§ Task objective
Please retype the entries below exactly, only from their first line through the line containing "凤岗轻工业电商加工电子仓库厂房出租楼上740平出租水电齐", leaving every picture out.

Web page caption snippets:
-.-.-

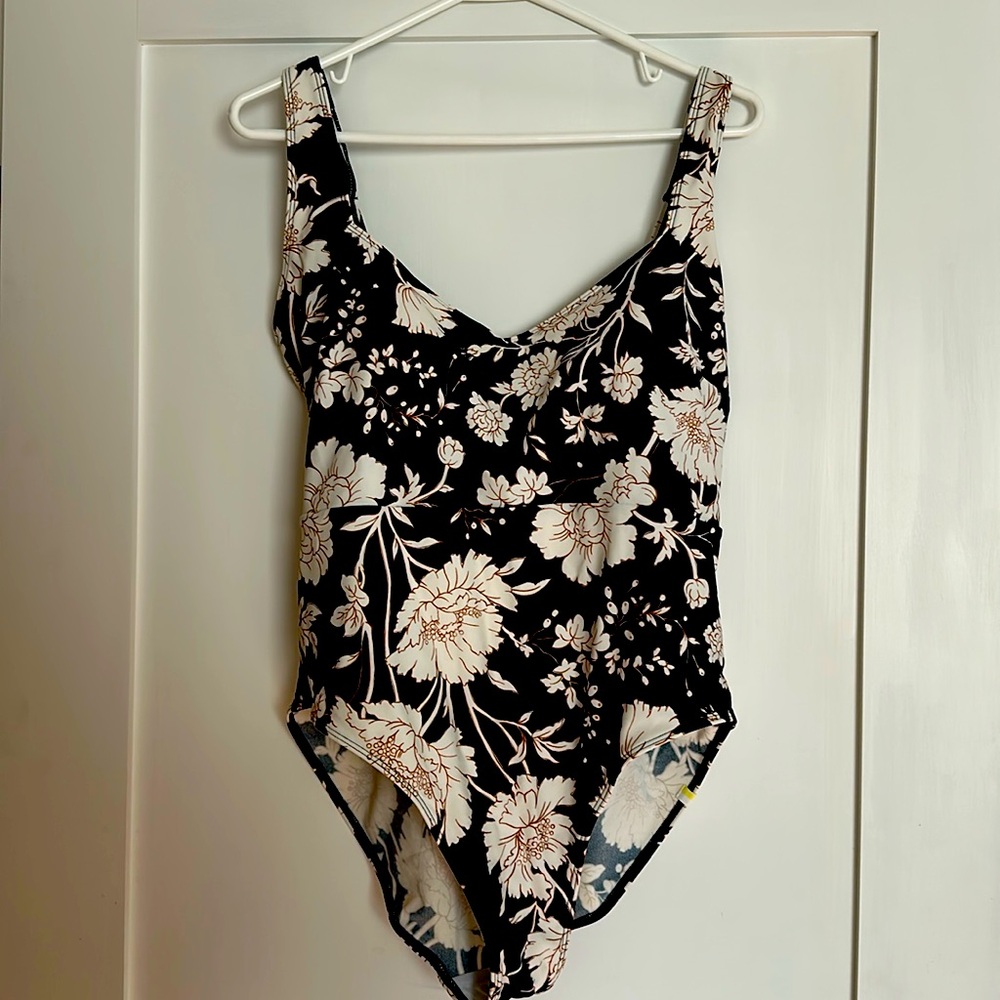 Summersalt Seascape Sweetheart One Piece Swimsuit in Black White Floral Size 14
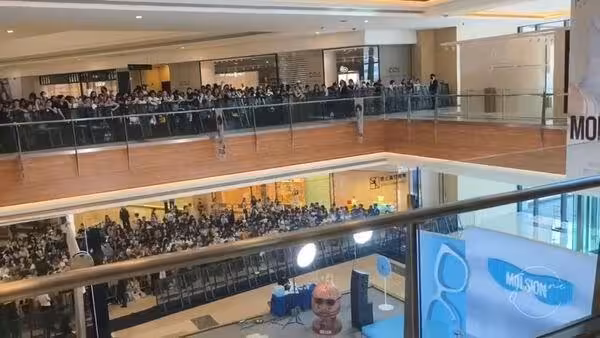 張凌赫活動失控！人潮擠商場「玻璃門炸裂碎一地」驚悚畫面瘋傳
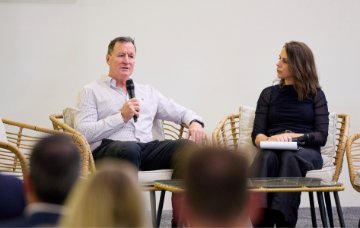 West Coast Eagles great John Worsfold speaking at a function.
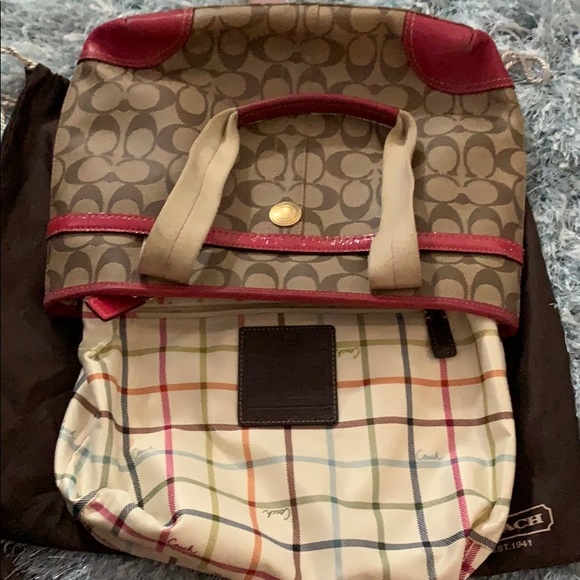 Coach purse - Picture 3 of 4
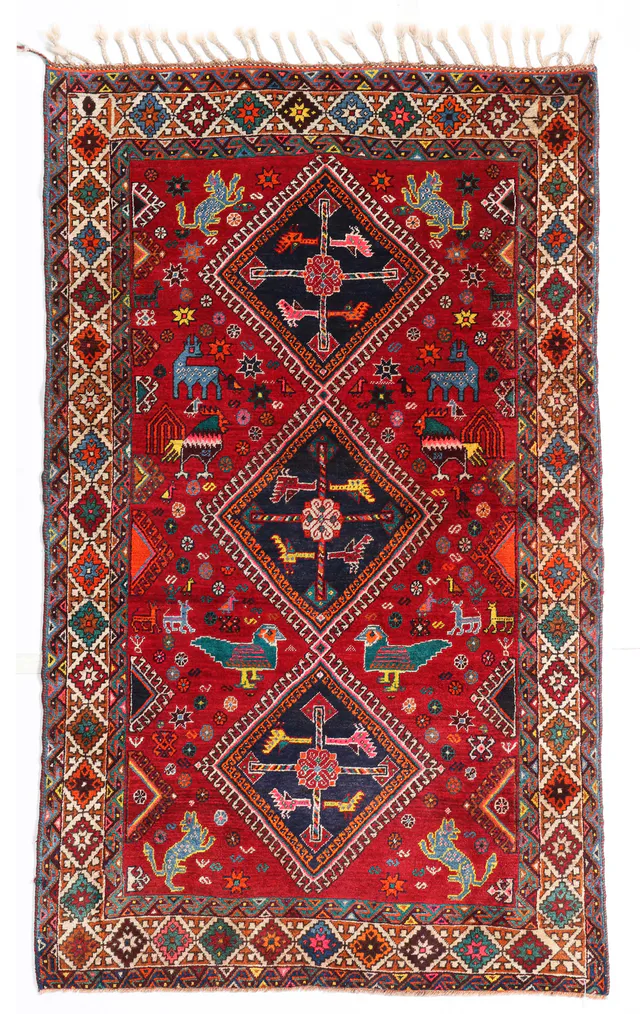 Shekarlou Design Rug, 235 × 156 cm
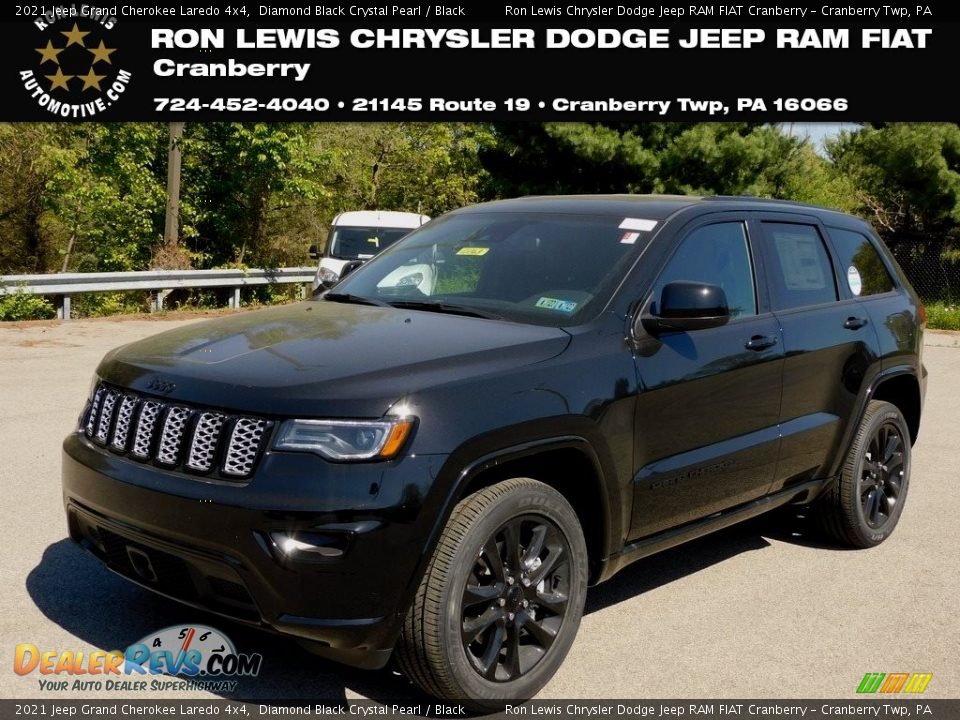 2021 Jeep Grand Cherokee Laredo 4x4 Diamond Black Crystal Pearl / Black Photo #1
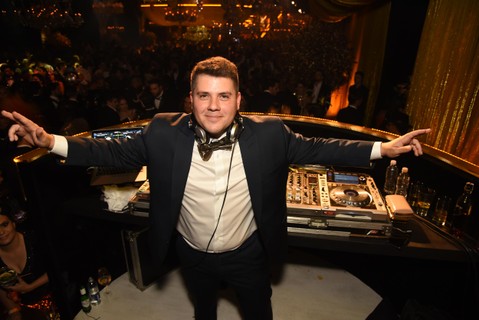 DJ Marcelo Botelho agitou a pista do Baile com o melhor do pop e do eletrônico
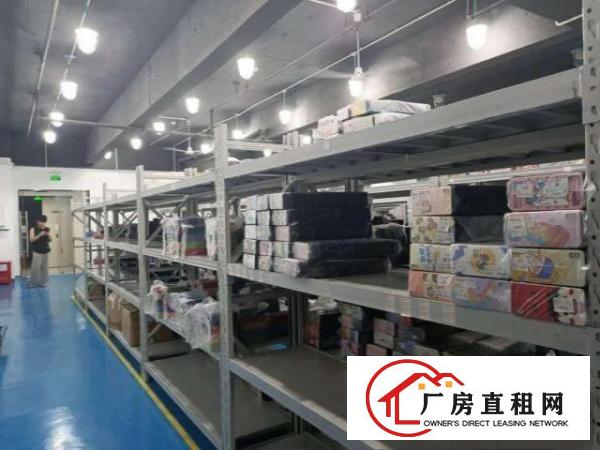  凤岗轻工业电商加工电子仓库厂房出租楼上740平出租水电齐
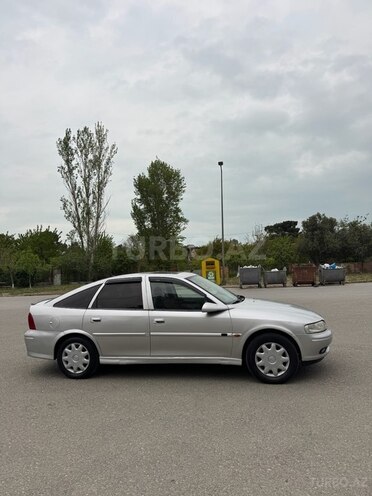 Opel Vectra 1999, 200,000 km - 2.0 l - Sumqayıt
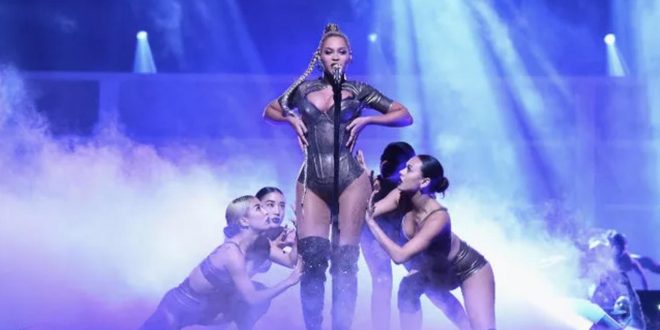 Beyonce bleeding during Tidal X performance (Video)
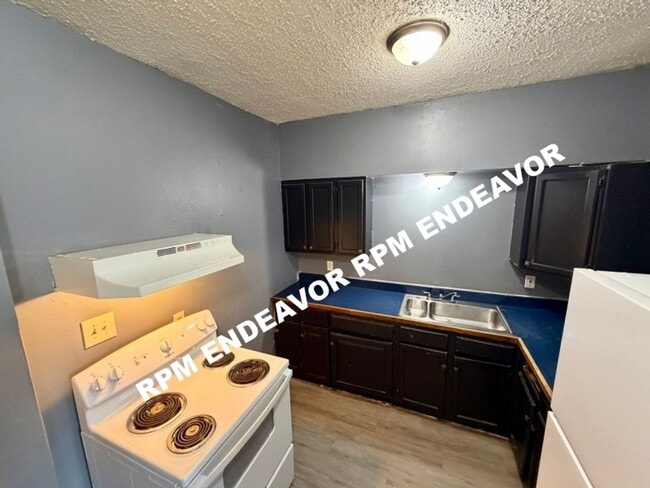 1407-1407 Rowan Ave Unit 1405 Rowan Ave #A
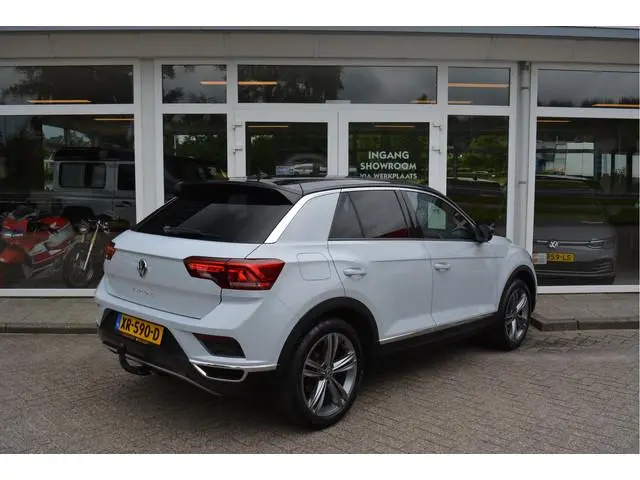 Volkswagen T-Roc 1.5 TSI 150PK Sport Exclusive | Adaptive | Stoel VW | 18Inch | Trekhaak |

-.-.-

§ Completed task
 Summersalt Seascape Sweetheart One Piece Swimsuit in Black White Floral Size 14
 張凌赫活動失控！人潮擠商場「玻璃門炸裂碎一地」驚悚畫面瘋傳
 West Coast Eagles great John Worsfold speaking at a function.
 Coach purse - Picture 3 of 4
 Shekarlou Design Rug, 235 × 156 cm
 2021 Jeep Grand Cherokee Laredo 4x4 Diamond Black Crystal Pearl / Black Photo #1
 DJ Marcelo Botelho agitou a pista do Baile com o melhor do pop e do eletrônico
  凤岗轻工业电商加工电子仓库厂房出租楼上740平出租水电齐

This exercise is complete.